Recorded information |
= Beginning of Section =

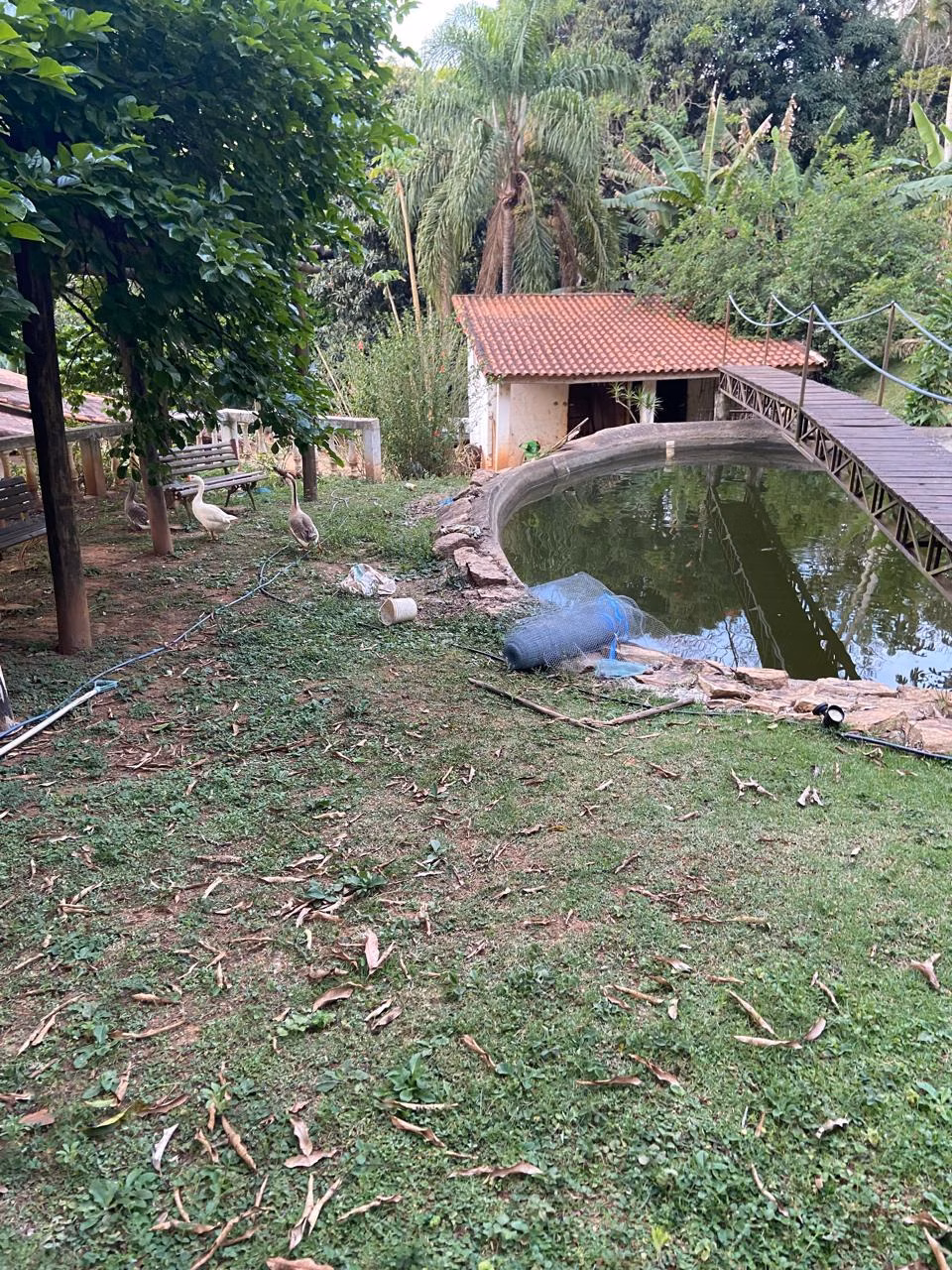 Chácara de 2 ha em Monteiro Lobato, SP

= End of Section =
= Beginning of Section =

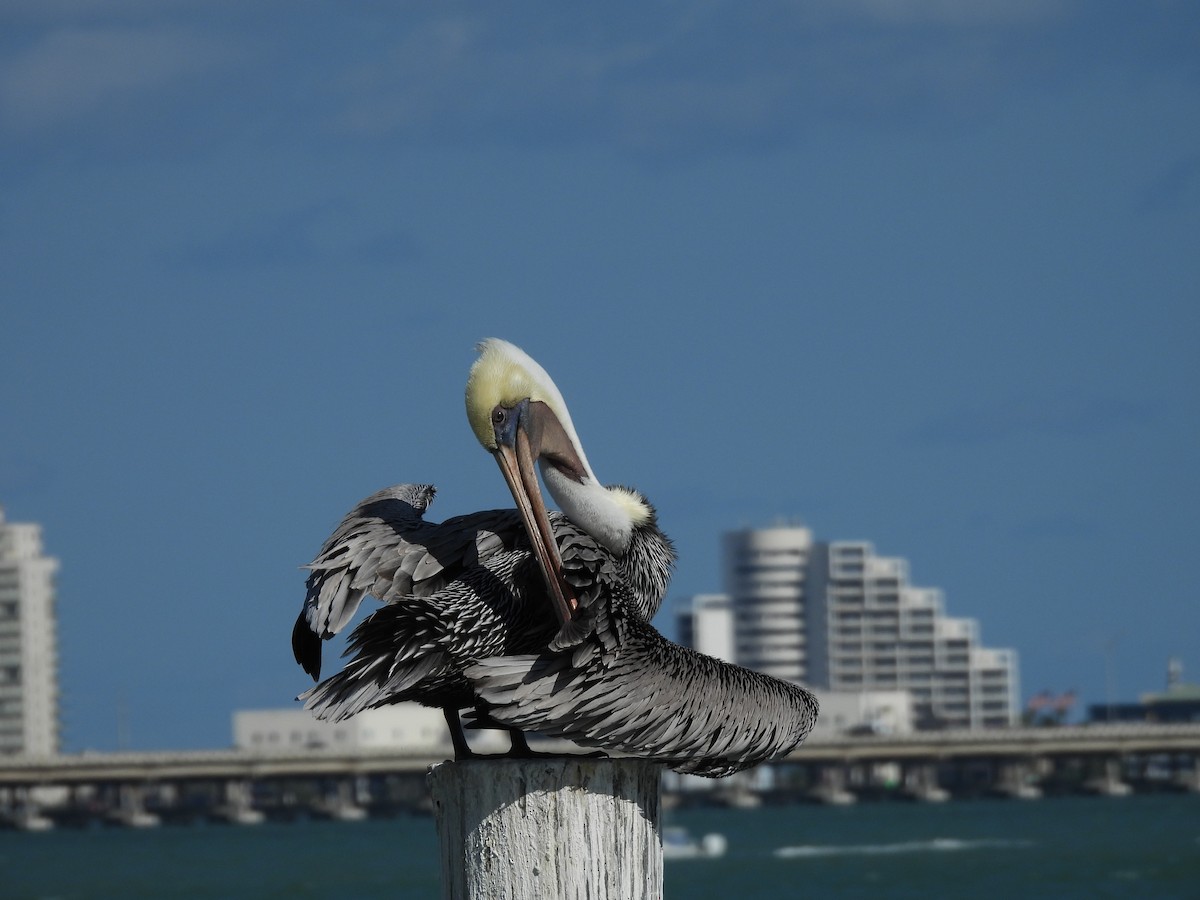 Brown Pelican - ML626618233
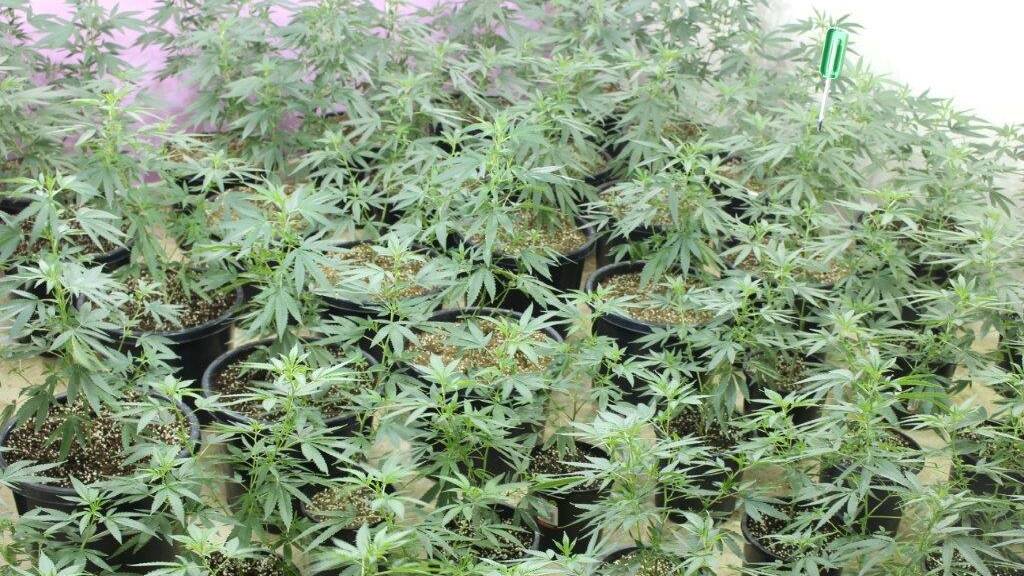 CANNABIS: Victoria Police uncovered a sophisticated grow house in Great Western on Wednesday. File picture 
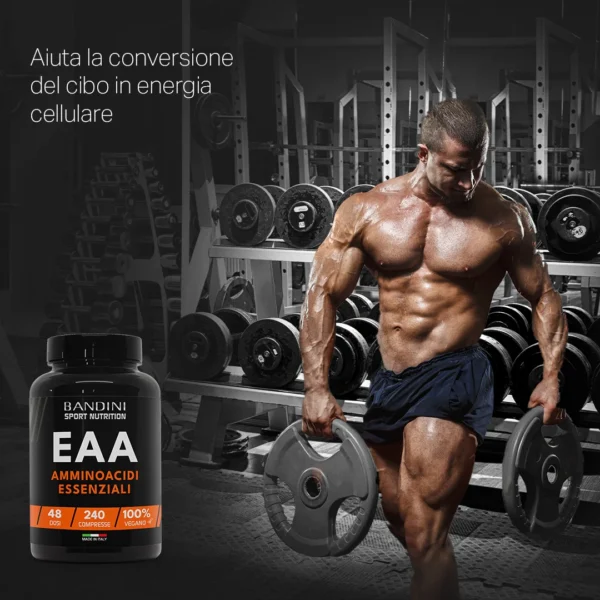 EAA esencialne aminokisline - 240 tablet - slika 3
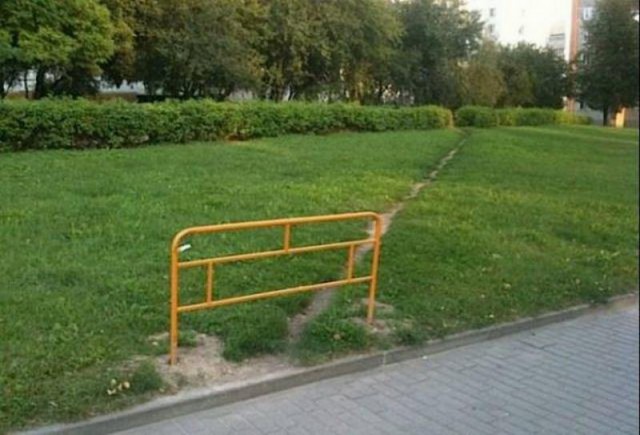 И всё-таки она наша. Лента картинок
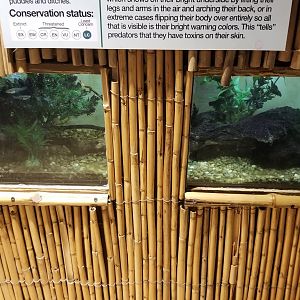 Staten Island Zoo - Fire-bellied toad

= End of Section =

Task brief | Everything above from the line containing "CANNABIS: Victoria Police" through the line containing "Staten Island Zoo - Fire-bellied toad" must be repeated exactly, and the pictures must be left out.

Result for this exercise |
 CANNABIS: Victoria Police uncovered a sophisticated grow house in Great Western on Wednesday. File picture 
 EAA esencialne aminokisline - 240 tablet - slika 3
 И всё-таки она наша. Лента картинок
 Staten Island Zoo - Fire-bellied toad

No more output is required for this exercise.